Michael Deacon at Sabor in London

- Michael Deacon

Sabor

35-37 Heddon Street London W1B 4BR 020-3319 8130 saborresta­urants.co.uk

Star rating

★★★★ About £80 without alcohol AN APOLOGY. A few months ago I reviewed a restaurant in Brighton called Pascere. Really good food, I said – but not so sure about the layout. Like so many small, trendy restaurant­s these days, it has an open kitchen. A nuisance, I imagine, for the chefs (they’re under enough pressure as it is, without being continuall­y stared at by two dozen gormless eyeballs from the dining room). But it’s also, I think, a nuisance for diners. The sheer proximity of the chefs inhibits private conversati­on, at least about the food. You feel a bit awkward, confiding your disappoint­ment in the beef-cheek arancini, when the person who made them is standing well within earshot, clutching a knife.

Looking back, however, I’ve decided I was wrong to single out Pascere. Yes, it has an open kitchen. But, as I should have acknowledg­ed, some open kitchens are more open than others. Take the open kitchen at this week’s restaurant. This one was so open I was practicall­y sitting in it.
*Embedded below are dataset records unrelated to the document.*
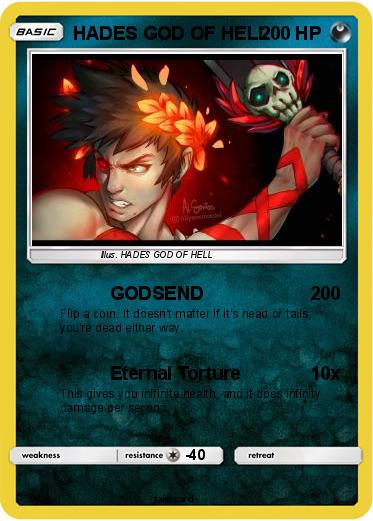 Pokemon HADES GOD OF HELL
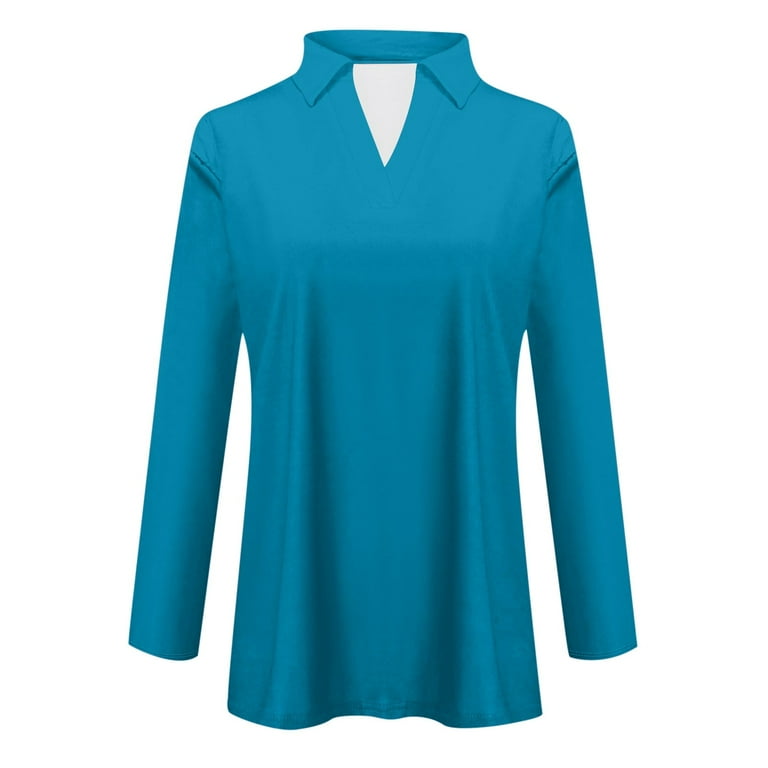 Vetement Femme ete 2025 Women's Solid Color Long Sleeve Lapel V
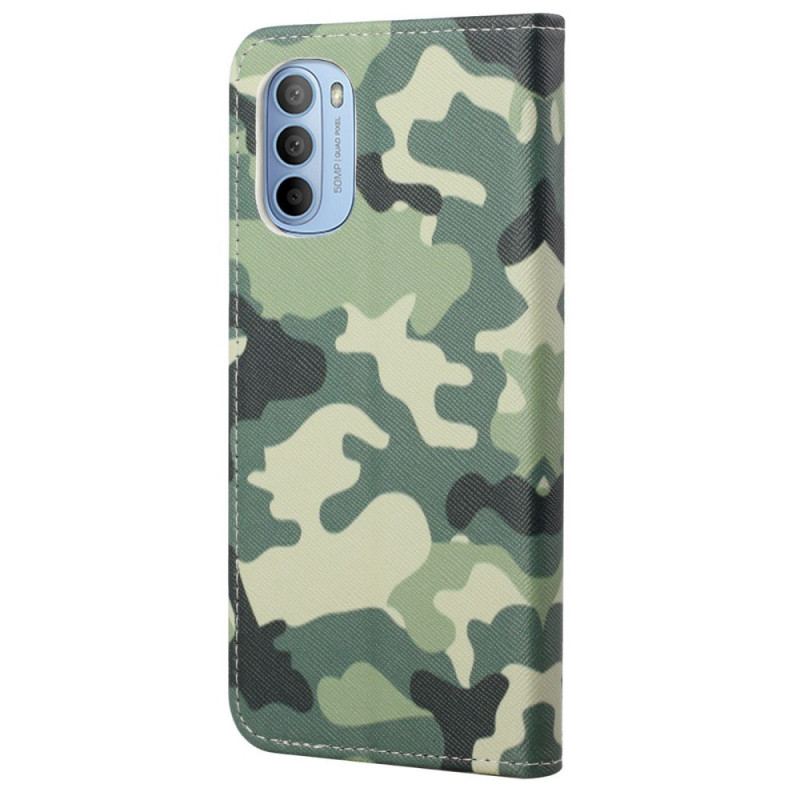 Capa Flip Para Moto G41 / G31 Camuflagem Militar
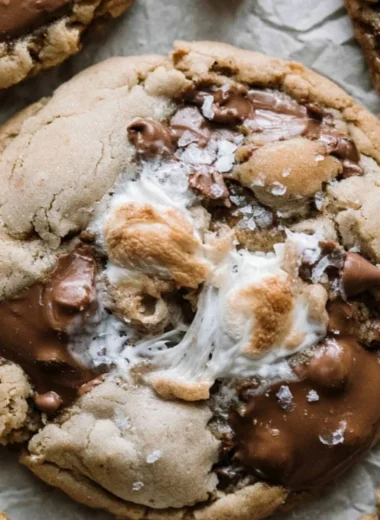 Delicious S'mores ready to enjoy with melted chocolate and toasted marshmallows.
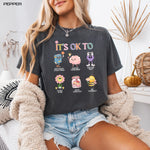 It's Okay To Kids First Grade Teacher Shirt ywd4kc-br.myshopify.com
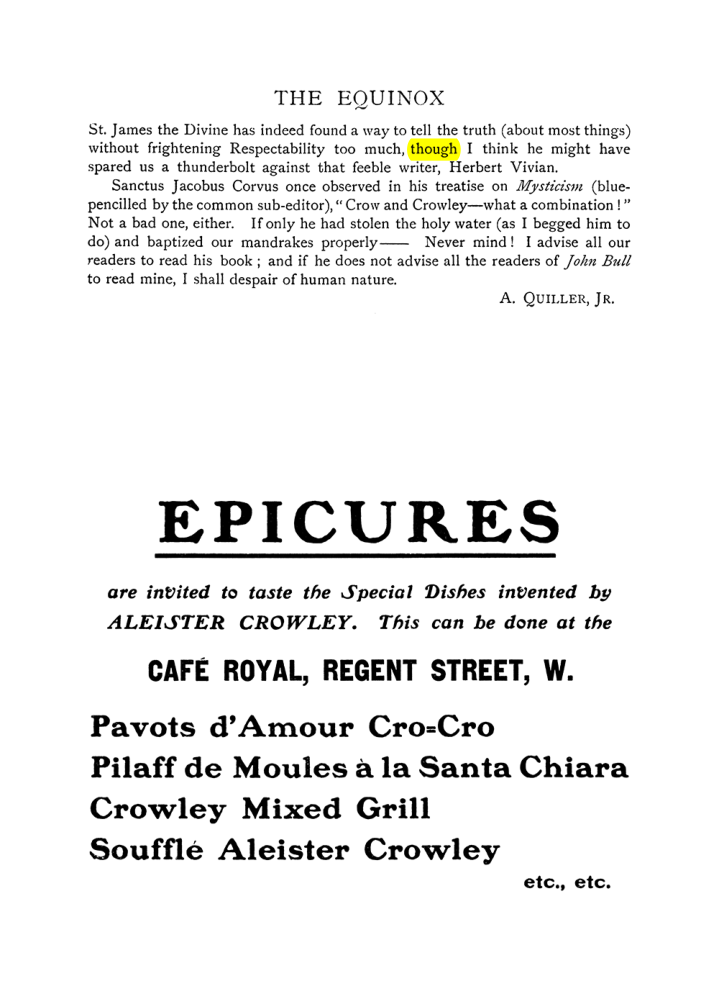Original scan of The Equinox (Volume I, Number VIII), PDF page 418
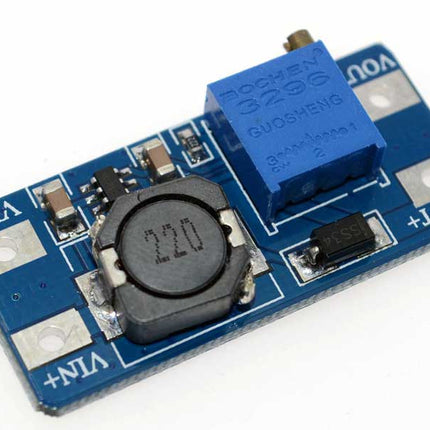 Modul step up DC-DC 3-5V la 5V/9V/12V/24V 2A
The restaurant was Sabor, a new Spanish place in London. And here there is effectivel­y no division between kitchen and dining room at all. Instead the kitchen is surrounded by a bar, around which you all sit, side by side, facing the chefs, and watching them prepare your dinner mere inches from your nose. Upstairs there are proper tables, but they overlook an extremely open kitchen too. So if you and your date have anything less than ecstatic to say about the food here, I wouldn’t even

whisper it. Best just text it to each other. Then again, if you really are dissatisfi­ed with the food, the ingredient­s are all so close at hand you could probably reach out and prepare them yourself.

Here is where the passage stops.